So just keep your eye on the e-blasts, because I think they’re going to be fascinating.
Dan Geffen: So I want to say thank you first of all to Judy and Steve. Steve, we’re going to close out with your song in a moment. To all of you, and of course, to, as I said, Rabbi Mitelman, Sinai and Synapses, and the Templeton Foundation, for making this possible, and for making all the learning that we’re going to do over the next year possible – we hope this was a good start. We got two thumbs up from the Rabbi, so that’s a good sign. We’re in good shape there. And as I said, for those that are with us tonight, those who also registered, I’m going to send a follow-up email tomorrow with some useful stuff, including signing up for the Sinai and Synapses weekly e-blast, which is a great, great resource for a lot of these kinds of conversations, pushing things forward.
It really was a great start, great to be with all of you. And Steve I’m going to put the lyrics up. You’ve got a little bit about the origins of the cosmology of this song I suppose you know,
Stephen Rosen: So I wrote a love song to the stars. Can you hear me? If you want to sing along, just keep yourself muted.

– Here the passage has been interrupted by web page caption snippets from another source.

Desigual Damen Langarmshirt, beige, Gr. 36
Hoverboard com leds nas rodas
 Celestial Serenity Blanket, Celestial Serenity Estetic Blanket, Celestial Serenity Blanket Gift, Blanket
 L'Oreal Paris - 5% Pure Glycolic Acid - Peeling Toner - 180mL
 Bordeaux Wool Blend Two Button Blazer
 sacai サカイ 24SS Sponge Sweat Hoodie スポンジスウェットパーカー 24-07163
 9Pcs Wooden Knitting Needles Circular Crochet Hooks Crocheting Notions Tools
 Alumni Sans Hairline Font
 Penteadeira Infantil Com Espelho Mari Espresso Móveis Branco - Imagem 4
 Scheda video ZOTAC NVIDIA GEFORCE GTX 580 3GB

So I also like singing in the rain, so here’s the melody, and here’s the lyric: “My stars are up above/and stars are what I love/I am thrilled when I see them/they’re my museum/I love the ones I see/I see the ones I love/the dipper gets me high/I’m singing just singing about the sky…”
Judy Klinghoffer: Thank you, Steve, that was wonderful. So everybody have a good evening, and you’ve got a lot to think about the cosmos indeed.
Dan Geffen: Thank you everybody, thank you Judy, thank you Dr. Rosen, and reminder, just for those that are our members, tomorrow night, because of the conflict with the church, our services are virtual only. Saturday morning will be in person, if you want to come. But tomorrow night, virtual only. It’s old school Zoom Shabbos. So join us, we’re going to have a good time. Maybe we’ll talk about cosmology, who knows. And we’ll see you very soon. Thanks so much. Thank you, everybody.